RAID-5 controller with a battery-backed write cache is excellent. Writes appear (to MySQL) to be instantaneous.
When comparing RAID-5 to -10, you need to decide whether you are comparing N drives to N drives or comparing M GB to M GB.
N drives: RAID-10 scatters its reads across N drives; So does RAID-5. Writes hit 2 drives in either case, but the read-modify-write for the parity block may make RAID-5 slightly slower.
M GB: Now you are comparing, say, 6 RAID-10 drives to 4 RAID-5 drives (to get 3 drives' worth of space). So RAID-10 probably wins on both reads and writes.
But... Unless you are saturating the I/O, the RAID controller hides the differences.
RAID-5 or -10 is better than manually putting files on different drives:
- Less risk of running out of disk space on one drive when there is plenty of free space on other drives.
- The I/O is more evenly spread out, hence better throughput. By manually splitting, you are likely to get one drive over-worked while the others are less busy.
One problem with "battery-backed": The controller periodically drains the battery to extend its lifetime. At that point, the write cache is turned off, and writes become miserably slow. (This cycling lasts a few minutes, and happens maybe twice a year.)

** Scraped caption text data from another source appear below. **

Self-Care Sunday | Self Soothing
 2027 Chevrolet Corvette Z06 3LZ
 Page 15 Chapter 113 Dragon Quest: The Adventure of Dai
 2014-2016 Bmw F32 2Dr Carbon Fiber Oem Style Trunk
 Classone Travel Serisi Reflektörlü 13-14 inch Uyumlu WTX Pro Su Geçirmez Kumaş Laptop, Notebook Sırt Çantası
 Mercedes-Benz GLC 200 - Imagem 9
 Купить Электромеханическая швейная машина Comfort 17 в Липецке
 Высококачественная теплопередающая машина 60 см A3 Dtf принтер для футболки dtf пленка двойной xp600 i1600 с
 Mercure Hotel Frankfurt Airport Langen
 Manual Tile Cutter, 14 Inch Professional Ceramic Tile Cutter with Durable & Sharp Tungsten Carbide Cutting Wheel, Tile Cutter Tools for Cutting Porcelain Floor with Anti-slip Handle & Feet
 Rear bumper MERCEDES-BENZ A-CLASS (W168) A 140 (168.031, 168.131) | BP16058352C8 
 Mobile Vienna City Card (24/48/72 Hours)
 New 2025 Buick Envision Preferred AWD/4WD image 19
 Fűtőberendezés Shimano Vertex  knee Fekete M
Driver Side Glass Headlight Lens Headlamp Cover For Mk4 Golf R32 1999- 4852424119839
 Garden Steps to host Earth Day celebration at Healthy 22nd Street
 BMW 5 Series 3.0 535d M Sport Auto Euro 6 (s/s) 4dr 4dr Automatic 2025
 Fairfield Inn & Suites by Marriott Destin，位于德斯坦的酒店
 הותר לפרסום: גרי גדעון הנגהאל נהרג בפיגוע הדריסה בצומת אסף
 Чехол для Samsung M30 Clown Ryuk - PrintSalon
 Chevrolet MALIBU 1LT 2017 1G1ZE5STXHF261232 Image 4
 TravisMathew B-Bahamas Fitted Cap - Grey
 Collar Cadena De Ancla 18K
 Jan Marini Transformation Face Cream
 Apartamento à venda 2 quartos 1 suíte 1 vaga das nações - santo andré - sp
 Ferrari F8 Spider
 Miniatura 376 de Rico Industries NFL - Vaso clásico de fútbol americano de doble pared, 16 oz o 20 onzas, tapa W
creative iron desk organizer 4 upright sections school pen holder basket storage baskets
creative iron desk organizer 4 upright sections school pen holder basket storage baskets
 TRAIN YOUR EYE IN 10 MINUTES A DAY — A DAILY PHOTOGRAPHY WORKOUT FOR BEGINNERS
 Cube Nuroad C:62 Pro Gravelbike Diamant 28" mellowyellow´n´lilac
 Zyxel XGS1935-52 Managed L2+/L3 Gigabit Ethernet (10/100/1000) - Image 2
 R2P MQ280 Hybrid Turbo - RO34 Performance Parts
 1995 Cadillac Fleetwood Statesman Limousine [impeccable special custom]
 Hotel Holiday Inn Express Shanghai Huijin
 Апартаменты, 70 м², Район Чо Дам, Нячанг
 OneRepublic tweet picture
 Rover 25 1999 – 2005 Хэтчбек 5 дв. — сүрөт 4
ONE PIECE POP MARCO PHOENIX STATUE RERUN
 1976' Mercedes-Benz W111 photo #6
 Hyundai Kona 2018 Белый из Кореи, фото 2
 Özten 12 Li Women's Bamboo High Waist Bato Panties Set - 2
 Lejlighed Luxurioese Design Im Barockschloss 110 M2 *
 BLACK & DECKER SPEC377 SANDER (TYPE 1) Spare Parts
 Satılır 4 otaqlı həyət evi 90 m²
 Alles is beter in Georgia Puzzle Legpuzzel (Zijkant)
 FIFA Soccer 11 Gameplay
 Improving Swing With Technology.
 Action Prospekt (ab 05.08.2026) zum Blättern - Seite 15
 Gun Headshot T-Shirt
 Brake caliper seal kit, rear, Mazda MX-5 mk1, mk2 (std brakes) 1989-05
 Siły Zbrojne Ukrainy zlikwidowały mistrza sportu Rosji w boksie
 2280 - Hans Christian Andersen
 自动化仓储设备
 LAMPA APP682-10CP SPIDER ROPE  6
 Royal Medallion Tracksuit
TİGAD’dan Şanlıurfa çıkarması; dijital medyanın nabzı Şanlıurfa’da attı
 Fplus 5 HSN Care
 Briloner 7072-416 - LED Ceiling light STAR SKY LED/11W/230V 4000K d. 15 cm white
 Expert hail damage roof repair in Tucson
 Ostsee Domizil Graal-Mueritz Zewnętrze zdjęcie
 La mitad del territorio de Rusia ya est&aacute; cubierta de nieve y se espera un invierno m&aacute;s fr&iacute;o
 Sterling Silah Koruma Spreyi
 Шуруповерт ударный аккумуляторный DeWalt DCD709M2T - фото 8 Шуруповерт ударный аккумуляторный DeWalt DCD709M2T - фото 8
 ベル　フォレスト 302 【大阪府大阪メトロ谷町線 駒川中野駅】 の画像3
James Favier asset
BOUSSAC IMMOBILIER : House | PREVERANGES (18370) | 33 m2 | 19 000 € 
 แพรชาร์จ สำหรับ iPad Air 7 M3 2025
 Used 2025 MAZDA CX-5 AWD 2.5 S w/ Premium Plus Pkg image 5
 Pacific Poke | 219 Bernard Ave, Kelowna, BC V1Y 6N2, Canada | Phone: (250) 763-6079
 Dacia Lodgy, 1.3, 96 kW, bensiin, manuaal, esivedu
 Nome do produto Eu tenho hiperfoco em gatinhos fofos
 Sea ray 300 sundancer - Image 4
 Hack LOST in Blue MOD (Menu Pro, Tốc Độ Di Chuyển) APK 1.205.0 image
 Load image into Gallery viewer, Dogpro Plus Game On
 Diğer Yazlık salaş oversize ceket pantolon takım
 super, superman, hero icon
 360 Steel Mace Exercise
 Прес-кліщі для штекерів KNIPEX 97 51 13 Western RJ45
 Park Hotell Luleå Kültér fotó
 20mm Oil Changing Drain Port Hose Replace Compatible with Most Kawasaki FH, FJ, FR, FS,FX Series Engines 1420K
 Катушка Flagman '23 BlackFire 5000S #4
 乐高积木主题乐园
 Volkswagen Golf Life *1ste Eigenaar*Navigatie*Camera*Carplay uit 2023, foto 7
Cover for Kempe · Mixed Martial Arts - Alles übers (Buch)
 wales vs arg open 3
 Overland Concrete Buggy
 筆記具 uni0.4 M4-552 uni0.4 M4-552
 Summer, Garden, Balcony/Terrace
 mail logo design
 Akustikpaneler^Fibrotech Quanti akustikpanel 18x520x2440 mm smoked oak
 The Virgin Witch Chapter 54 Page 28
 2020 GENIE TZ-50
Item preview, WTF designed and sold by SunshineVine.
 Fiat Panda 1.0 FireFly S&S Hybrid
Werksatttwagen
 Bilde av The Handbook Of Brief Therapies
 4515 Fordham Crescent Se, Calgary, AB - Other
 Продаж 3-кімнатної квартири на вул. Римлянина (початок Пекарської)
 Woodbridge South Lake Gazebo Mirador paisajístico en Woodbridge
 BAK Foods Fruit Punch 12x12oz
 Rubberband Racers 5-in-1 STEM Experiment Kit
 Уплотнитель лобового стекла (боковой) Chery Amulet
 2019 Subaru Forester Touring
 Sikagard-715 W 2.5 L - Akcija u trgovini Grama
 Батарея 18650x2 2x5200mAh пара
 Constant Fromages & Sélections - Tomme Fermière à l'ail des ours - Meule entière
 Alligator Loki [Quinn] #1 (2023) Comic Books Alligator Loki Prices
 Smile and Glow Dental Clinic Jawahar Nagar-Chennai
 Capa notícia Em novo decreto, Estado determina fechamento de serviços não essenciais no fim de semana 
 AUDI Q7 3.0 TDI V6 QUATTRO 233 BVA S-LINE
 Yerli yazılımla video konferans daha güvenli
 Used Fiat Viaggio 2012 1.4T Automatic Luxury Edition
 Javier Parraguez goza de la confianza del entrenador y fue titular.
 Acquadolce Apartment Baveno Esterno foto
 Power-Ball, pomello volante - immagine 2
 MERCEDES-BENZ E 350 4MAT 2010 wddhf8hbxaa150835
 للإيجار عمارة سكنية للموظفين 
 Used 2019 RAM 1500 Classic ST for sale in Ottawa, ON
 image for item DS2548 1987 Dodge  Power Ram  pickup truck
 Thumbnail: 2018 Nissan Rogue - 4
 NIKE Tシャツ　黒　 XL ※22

Both RAID-5 and RAID-10 can withstand a single-drive failure. -5 cannot handle 2 failures at once; -10 can handle some 2-drive failures. (See also -6.)
Since drive failure is one of many things that can go bad (motherboard, controller, power surge, earthquake, tornado, manual goof, software bug, overtemp due to AC failure, ...), I think it is shortsighted to think only about RAID (or even DRBD) when looking at HA, BCP, etc.
I vote for a single filesystem with N drives and RAID-5 or -10 with BBWC.
Well, that's for spinning drives.
For a mixed HD/SSD system, put "logs" on HD since sequential access is relatively fast; put InnoDB stuff on SSD, where random access is important. If possible, get a brand of SSD that guarantees atomic 16KB writes, then turn off InnoDB's "double write buffering".
For all-SSD, make sure the wear-leveling is good enough so that all drives don't wear out at the same time (thereby rendering RAID useless).